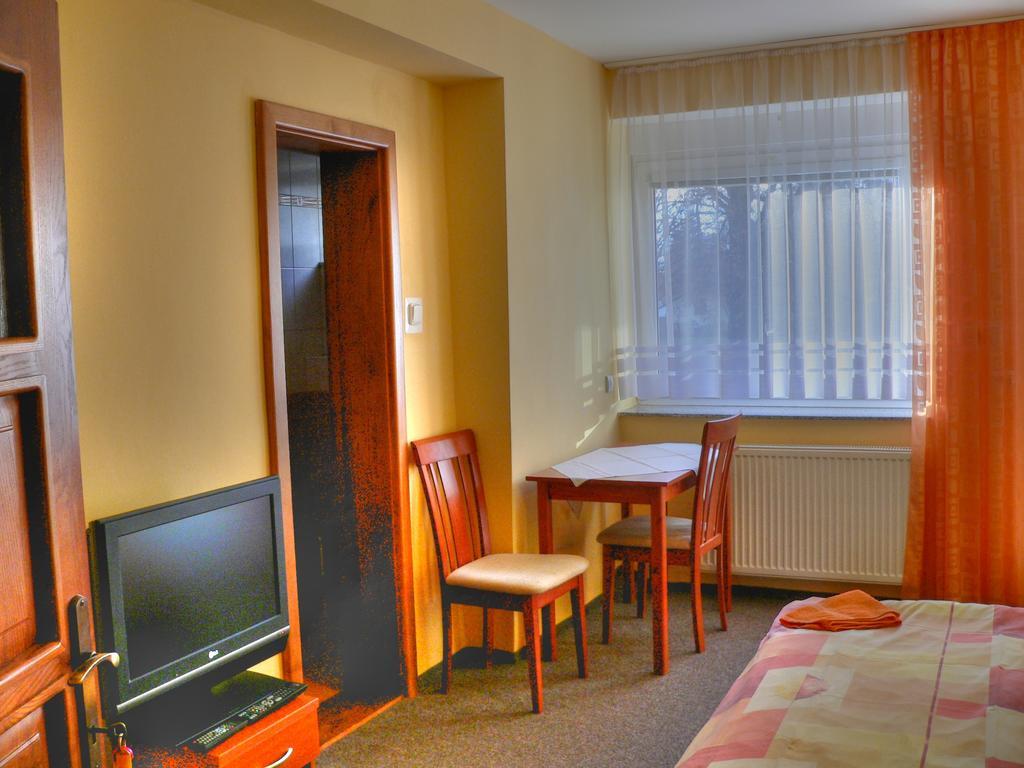 Privat Baja Hotel Liptovsky Mikulas Luaran gambar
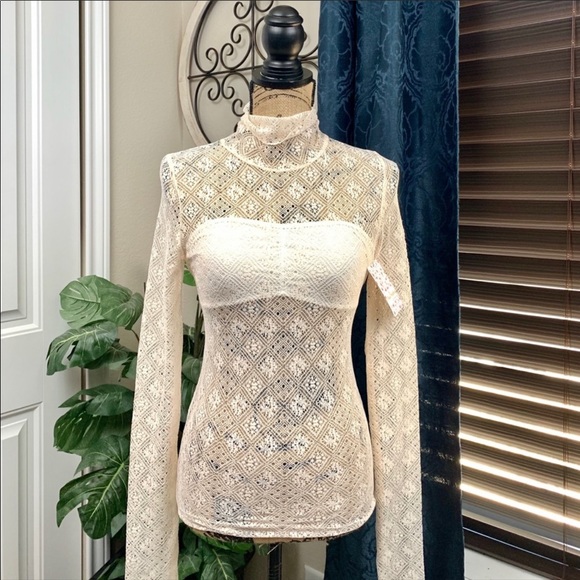 New lace free people top - Picture 3 of 8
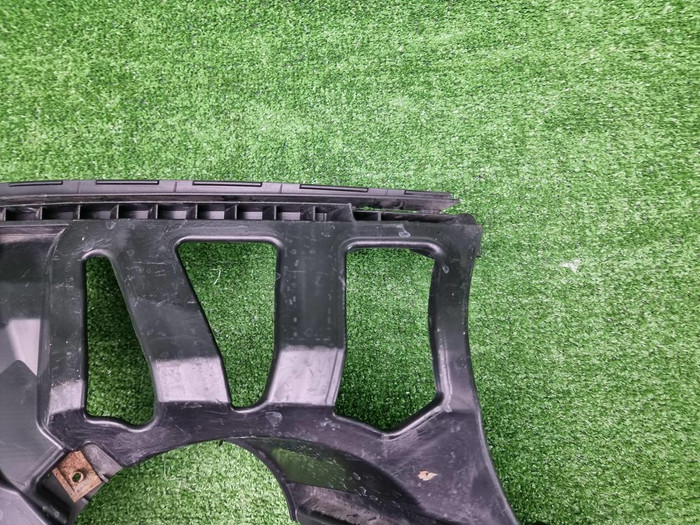 Кронштейн ПТФ правый Mini Hatch F56 (2013-2018)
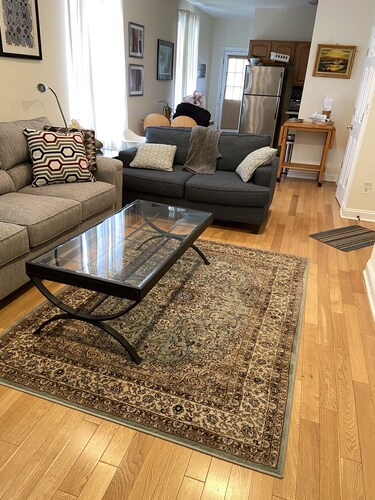 Comfy & Convenient Suburban Oasis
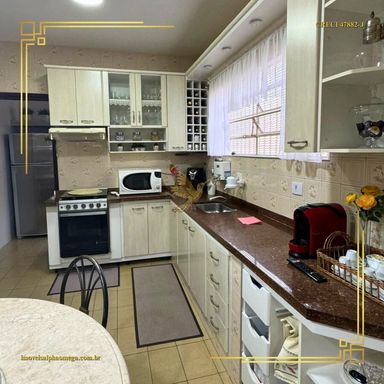 Imagem Casa com 3 Quartos à Venda, 186 m² em Vila Sonia - Botucatu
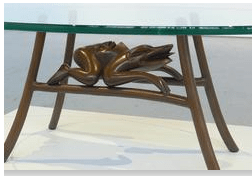 frog-table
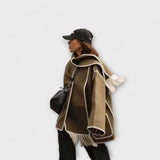 Chanel - Casaco Estiloso com Cachecol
|---|
*What you have to do*. In your answer, set down the full listing word for word and include no pictures.

*Solution to this problem*.
 Privat Baja Hotel Liptovsky Mikulas Luaran gambar
 New lace free people top - Picture 3 of 8
 Кронштейн ПТФ правый Mini Hatch F56 (2013-2018)
 Comfy & Convenient Suburban Oasis
 Imagem Casa com 3 Quartos à Venda, 186 m² em Vila Sonia - Botucatu
 frog-table
 Chanel - Casaco Estiloso com Cachecol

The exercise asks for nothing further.